A totally unscientific explanation for impulse purchases.
This is a departure from anything remotely house, garden, or craigslist-related.
I’m sorry if this disappoints you.
But:
- This is my blog.
- It was this, or nothing.
- I was afraid to choose nothing, since I live in perpetual fear that you will forget about me and move on to someone younger with better giveaways.
- I apologize for the annoying filters I used on the photos. It’s one of those things where you think a trend is incredibly stupid, but then see so much of it that it becomes weirdly appealing.
This transition from grotesque-trend-that-should-be-banned, to mysterious-overnight-need-for-exact-repulsive-trend-purchase has not yet clad me in skinny jeans or peplum, and I am thankful for that.
So. We’ve established that I love anything giant, odd, fancy, and generally too large to fit in my house–an aesthetic that used to apply to my fashion sense too.
But in the last five years, my vanity has been eroded by my laziness.
This decline in giving-a-shit-about-how-I-look is a huge timesaver, but also accompanied by the sad consequence of technically not needing to buy fancy outfits.
Because:
- I will not wear them.
- It is a well-known fact that elastic-waist pants and flip-flops are superior to every other form of attire.
- I would rather save the money for whatever massively awesome, useless piece of salvage the universe has in store for me.
But once in a while I see something.
And my raccoon brain is like—I MUST HAVE THAT.
Even though I KNOW it’s a ridiculous purchase… Even though I KNOW I’ll only wear it four times… Even though I KNOW I’ll find it restrictive and itchy and clanky… It doesn’t matter. Because the raccoon gets all rabid and is like, I will BITE you, if you don’t buy me that.
If you too suffer from Raccoon-In-Head syndrome, you are familiar with this.
It was a ridiculous price. But I COULD NOT leave without it.
Plus, it was embarrassing to try to hug it through the glass.
So I bought it.
If I told you how much it was, you would think I was insane. But as of this post, it’s sold out so let’s pretend it was a normal price.

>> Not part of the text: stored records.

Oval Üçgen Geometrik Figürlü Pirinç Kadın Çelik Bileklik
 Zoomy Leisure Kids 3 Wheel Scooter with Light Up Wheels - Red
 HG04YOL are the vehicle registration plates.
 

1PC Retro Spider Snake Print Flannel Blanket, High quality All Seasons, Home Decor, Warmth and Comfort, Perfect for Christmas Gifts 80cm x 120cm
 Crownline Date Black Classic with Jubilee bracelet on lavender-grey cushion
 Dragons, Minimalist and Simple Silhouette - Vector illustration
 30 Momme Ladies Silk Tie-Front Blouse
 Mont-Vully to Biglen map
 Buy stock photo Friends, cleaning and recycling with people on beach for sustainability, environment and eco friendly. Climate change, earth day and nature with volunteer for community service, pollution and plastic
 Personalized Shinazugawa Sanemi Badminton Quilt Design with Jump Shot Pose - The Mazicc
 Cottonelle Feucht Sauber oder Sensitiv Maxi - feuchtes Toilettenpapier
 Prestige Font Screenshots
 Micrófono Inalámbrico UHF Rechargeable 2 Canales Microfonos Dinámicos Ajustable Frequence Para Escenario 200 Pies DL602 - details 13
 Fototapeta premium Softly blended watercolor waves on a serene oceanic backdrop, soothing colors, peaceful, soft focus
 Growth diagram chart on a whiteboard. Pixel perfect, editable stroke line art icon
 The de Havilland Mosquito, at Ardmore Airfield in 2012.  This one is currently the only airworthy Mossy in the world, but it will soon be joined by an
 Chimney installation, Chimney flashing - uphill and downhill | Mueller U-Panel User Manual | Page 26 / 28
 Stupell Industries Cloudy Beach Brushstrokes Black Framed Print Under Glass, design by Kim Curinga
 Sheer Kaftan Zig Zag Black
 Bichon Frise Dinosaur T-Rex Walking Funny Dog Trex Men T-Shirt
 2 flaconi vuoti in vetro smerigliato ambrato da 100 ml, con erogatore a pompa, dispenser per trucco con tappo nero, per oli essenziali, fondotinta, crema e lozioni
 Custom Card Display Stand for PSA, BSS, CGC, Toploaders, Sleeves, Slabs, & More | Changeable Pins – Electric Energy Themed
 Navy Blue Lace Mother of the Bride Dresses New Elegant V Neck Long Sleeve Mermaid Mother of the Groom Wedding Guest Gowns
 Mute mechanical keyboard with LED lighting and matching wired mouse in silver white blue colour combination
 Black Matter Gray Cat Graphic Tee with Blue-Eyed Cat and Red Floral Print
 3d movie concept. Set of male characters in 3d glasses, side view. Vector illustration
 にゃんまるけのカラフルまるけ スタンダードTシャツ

By the time I was halfway home, I realized that I could make my own version with the box of vintage pins I hoard uselessly… who wears pins? No one. So after I bought this chain, I had everything I needed to make my own, way-less-awesome necklace.
I’d like to say that I’m returning the one I bought… but the raccoon is still licking it. Plus, lets be serious— it’s called an impulse purchase, because your impulse is to keep it.
Also, in this case it was called– overwhelmed/trying to buy 5 seconds of stress-relief/Versailles was not for sale.
I had SUCH a crap day last week, that I felt close to the brink.
The brink of what? I don’t know. Whatever that is when you feel overwhelmed and close to crying hysterically/tearing your hair out.
But ALSO LIKE YOU ARE ON FIRE WITH RAGE.
And the necklace was some knee-jerk reaction to just BUY five seconds of OTHERNESS.
To just think about something else.
Even though I could go LOOK IN MY CLOSET at all the otherness I’ve ALREADY purchased. And be reminded that it’s only a brief respite…
Although, if you’re going to be on fire with rage, I guess you might as well be wearing a really nice necklace.
Also, I need to tell you how there was a time when I thought this blog was going to garner me a nice side-paycheck AND free swag.
Which? Hello? WHO IS STEALING MY SWAG?
But now I feel differently. I feel this is a revolution.
A redefining of militant—to include shiny things and abolish khaki and berets.
But also a very anxiety-riddled revolution. Where I worry that I will disappoint you. Where I worry that you will tire of me. Where I worry about the responsibility of coming up with new and entertaining things EVERY WEEK.
And where I envy the revolutionaries who came before social media… I doubt Karl Marx woke his husband in the middle of the night to tell him his greatest fear—that he would never get 100,000 “likes” on Facebook.
I will love you EVEN MORE… if you share me with your friends.
Aloma DeVaux
July 23, 2013 @ 10:36 am
Victoria…my dear how can anyone tire of you? You are amazing, deliciously funny and someone I am certain I would have gotten along with famously if we lived even remotely close to one another. Everyone has “bad” days, you are not impervious to what the rest of us experiences…although my image of you being a superwoman with uncanny strength that can defy the social media strains may now be slightly tarnished. (just kidding!) Write on love, you do it beautifully!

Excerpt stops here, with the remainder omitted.